Important points for security and setup:


  • A recorded Resident/Patient interview is part of a medical record.    See the College of Physicians and Surgeons of BC Policy for your obligations. 
  • Use the camera or equipment provided by your site. 
    • A Smart phone with no SIM card, reserved strictly as a camera may be used. 
    • Never use an internet-enabled smartphone for recording.  
    • The airplane mode is NOT sufficient protection. 
  • Keep the recording safe from recording to erasure.  A locked cupboard and a password-protected device (e.g. disabled smartphone or USB) are a minimum.
  • Viewing the interview must be done on a secure computer.  E.g. a password-protected, encrypted institutional computer.
  • Ensure all copies of the recording are erased promptly after viewing. 
  • Here is an FAQ on Video Recording for you.

Residents tell us they feel very awkward doing video recordings with patients.  Any of us who have been recorded knows how it feels. 

Patients do want to help with training young doctors!  

Finding ways to normalize this process helps.
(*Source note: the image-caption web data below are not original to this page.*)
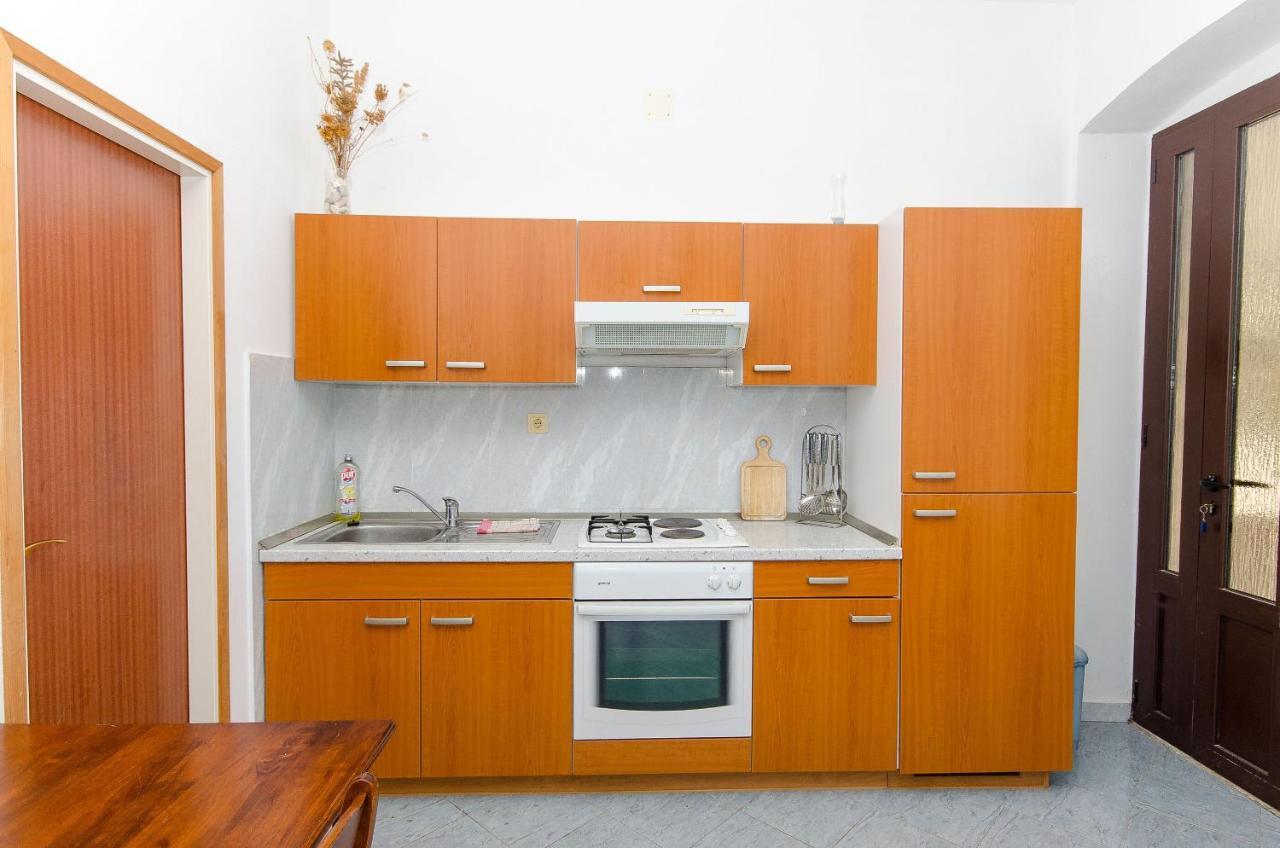 Apartments Ivanka 비스 외부 사진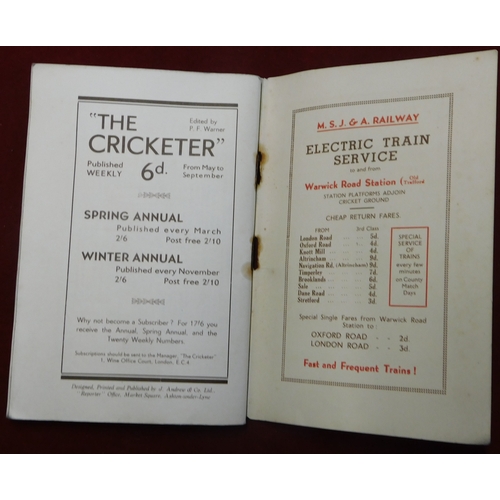 426 - Cricket Lancashire County and Manchester Cricket Clue 1933 Annual, staple rust, text & Photo's very ... 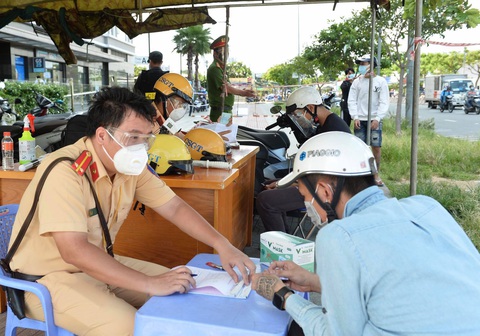 TP.HCM: Tấp nập trước giờ siết chặt giãn cách - Ảnh 13. TP.HCM: Tấp nập trước giờ siết chặt giãn cách - Ảnh 13.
Preceptors know their patients well and can assist by:

  • Selecting appropriate patients
  • Modeling the importance of feedback, 
  • Addressing the awkward feelings (empathy and stories help), 
  • Adding value to the review by coaching on the nuanced skill of the Medical Interview

Video Review is versatile, and can be used for observation and review of many aspects of the patient interview, including but not limited to:

Set aside at least 15 minutes to review a selected small portion of the interview.

For Residents:

  • Set one or two learning goals in advance:
    • what is it you really need to work on to be proficient at the 10 minute medical consultation?  
    • Important targets include: 
      • efficient history taking
      • your Patient-Centred Approach  
      • interpersonal and communications skills, 
      • mannerisms,
      • interview flow and timing,
      • time management.
  • Start your first review with a successful encounter.  You be the judge.
  • Review your video on your own first, and choose what area you want to work on. 
  • Review your video with a preceptor or faculty member.
  • Document  - either a site-based form or a Field Note – as directed by your site,  to show:
    • what you have learned, and 
    • what you will improve on next time.
  • Later in your program chose a more challenging encounter, one where you believe you could really benefit from coaching.

For Preceptors:

  • This Guide from St Paul's Site may be useful to you.
  • Encourage goal setting.
  • Review only a small portion of the interview – the Resident may select this, or you may choose an area together.
  • Target one thing that went well related to the desired goal
  • Help formulate a learning goal for one thing to improve. 
  • If you note a "stop! Important correction" do discuss this. Again, empathy and stories really help residents to hear difficult feedback.